Notes on Site-Specific, Environmental, Interactive Theatre
The following was published as director's notes in the program for Women's Work, an original, immersive theater experience at the Museum of Modern Art Jacksonville. The full program is available here. It will also be published on the Phase Eight Theatre Company blog.
There are many ways to experience story.
When you read a book, your sight is the most engaged. Your mind may make you feel totally immersed in the story, but in reality, there you are in your chair, not in the English countryside. You cannot see the phosphorescent hounds glowing in the dark.
When you watch a film, your sight is engaged with recorded image, your ears with recorded sound. The mix may make you feel totally immersed in the story, but in reality--no matter how much depth the Greg Toland shots might have--you are looking at a flattened image of light and color, framed by four corners. There you are in your seat. You cannot feel the cold as Rosebud races by the boarding house.

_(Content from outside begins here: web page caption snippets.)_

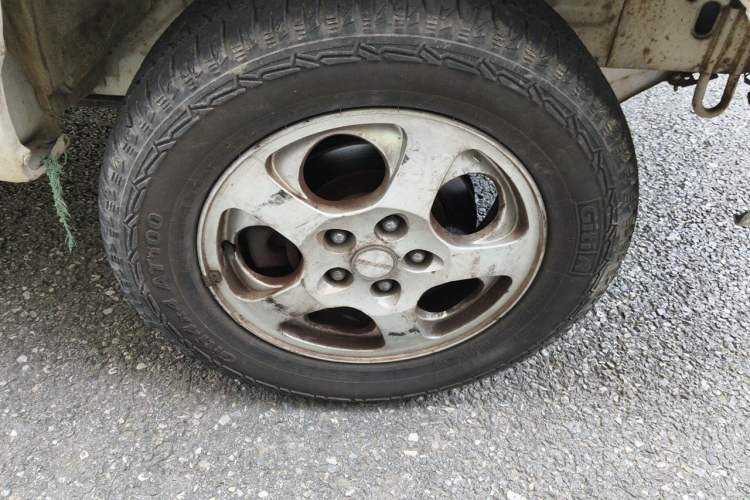 Used Leopaard Feiting 2009 2.0L 4x4 Standard Edition Right Front Wheel Hub
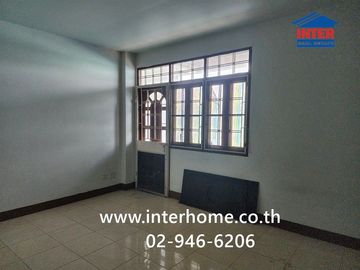 Three-story commercial building, 17 sq.wa., near Saeng Thong Fresh Market, Soi Mangkon-Khandi (Soi Phraeksa 11), Theparak Road, Phraeksa Road, Mueang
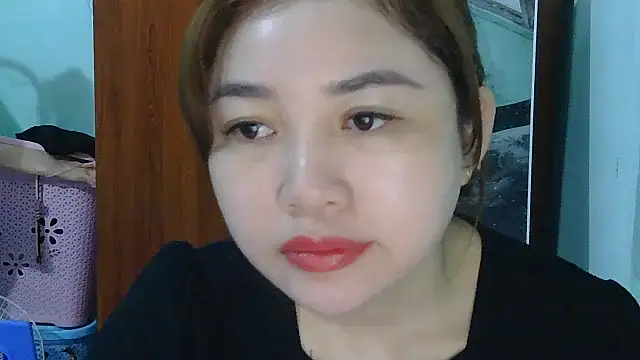 Uhem112 online show from October 2025 01:44:01 AM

When you attend a traditional, proscenium-style play at the theater, more of your senses are engaged; the action may unfold in real time; there is real, observable, space that you could access if protocol and etiquette did not demand you keep your seat. Still, the fourth wall is up, and though it is sometimes permeable and the space made malleable with convention and imagination, there you are in the audience. You cannot rush the field upon Saint Crispin’s Day.
But there are ways of staging Henry V and other works that subvert the frame and the fourth wall while they engage the space and the senses.
At Chicago Shakespeare Theater, I saw a promenade and immersive performances that shook my thinking on theatrical space right around the time I was studying Jerzy Grotowski, whose work was all about playing with the space(s) occupied by and the interplay between performers and audience. Edward II by Christopher Marlowe (dir. Sean Graney) was staged in a bare black box space, but the actors and audience were on the same plane, on their feet. Strangely, I don’t remember standing or moving at all, but I do remember how close the actors were and the thrilling sense that they and the story might go in any direction at any moment. (Imagine when a character portraying Death entered wearing a Venetian death mask and swinging a thurible behind me!) The Strange Undoing of Prudencia Hart (dir. Wils Wilson) was staged in the same space dressed up as a pub. The audience sat at cafe tables dressed for whiskey flights and bar food; at one point in the action of the show, we were encouraged to tear our napkins and throw the shreds when the story required snow. Engaging and enchanting.
Director Peter Brook (The Empty Space) says theater is happening when one person walks through a space and another observes. In this way, we might see promenade, site-specific, immersive, and/or interactive theater not only as breaking theatrical convention but also as restoring theatrical essence. Direct observation in a shared space where the spontaneous may happen--what some, in sum, call liveness--differentiates theater from other storytelling mediums.
That’s what we’re playing with in Women’s Work. Add to this the fact that our play is inspired by and indeed can only take place in this specific space and time: MOCA Jacksonville, “A Dark Place of “Dreams”, July 2018? One can only conclude that this show’s liveness is alive and well!
Thank you for being an essential part of it.